▶ Collected material
=-=-=
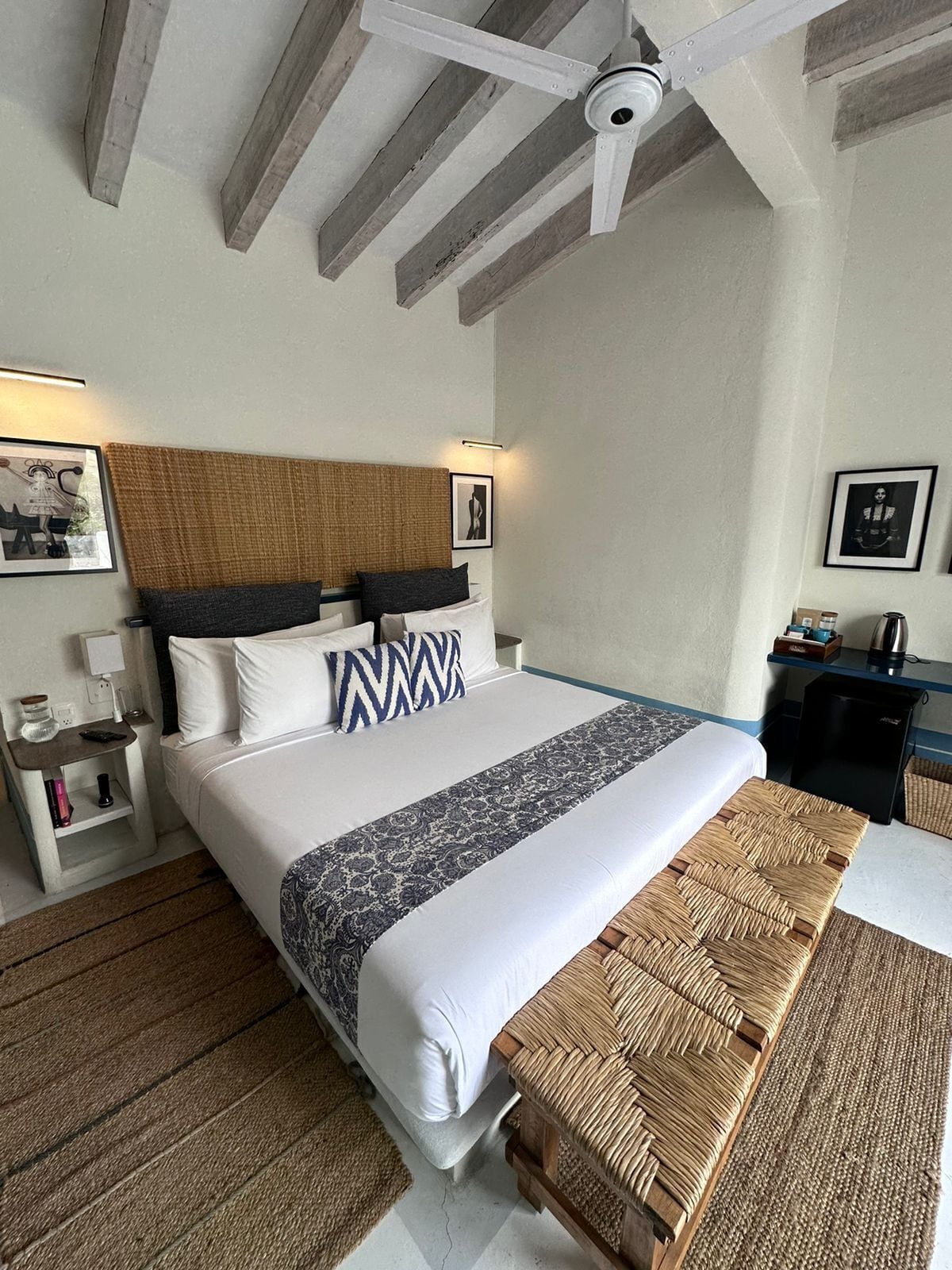 A hotel room with a bed, bedside tables, a ceiling fan, and a woven bench.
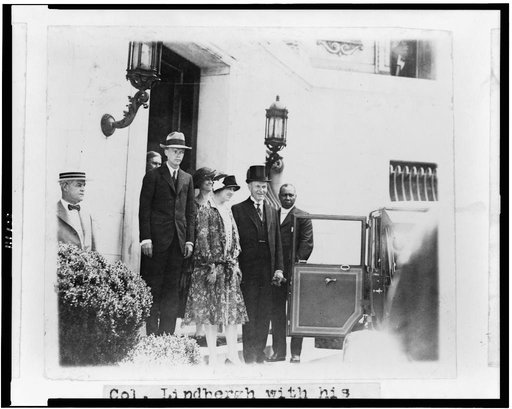 Col. Linbergh[sic] with his mother and President and Mrs. Coolidge leaving the temperary[sic] White House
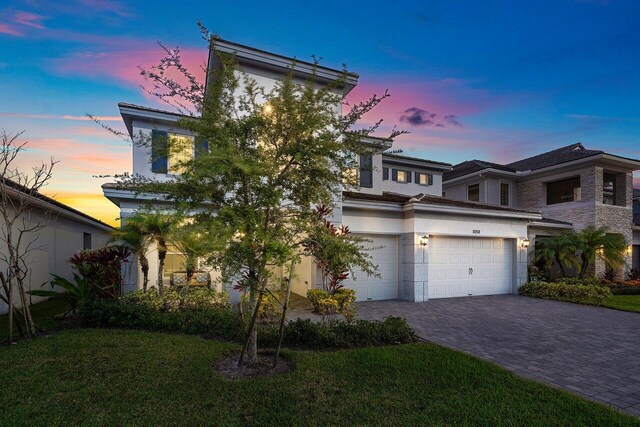 9258 Greenspire Ln, Lake Worth, FL 33467 - view of front of property featuring decorative driveway, stucco siding, and a yard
=-=-=
▶ Your goal
Without the pictures, return the listing above from its first line through the line that has "Col. Linbergh[sic] with".

▶ Task result
 A hotel room with a bed, bedside tables, a ceiling fan, and a woven bench.
 Col. Linbergh[sic] with his mother and President and Mrs. Coolidge leaving the temperary[sic] White House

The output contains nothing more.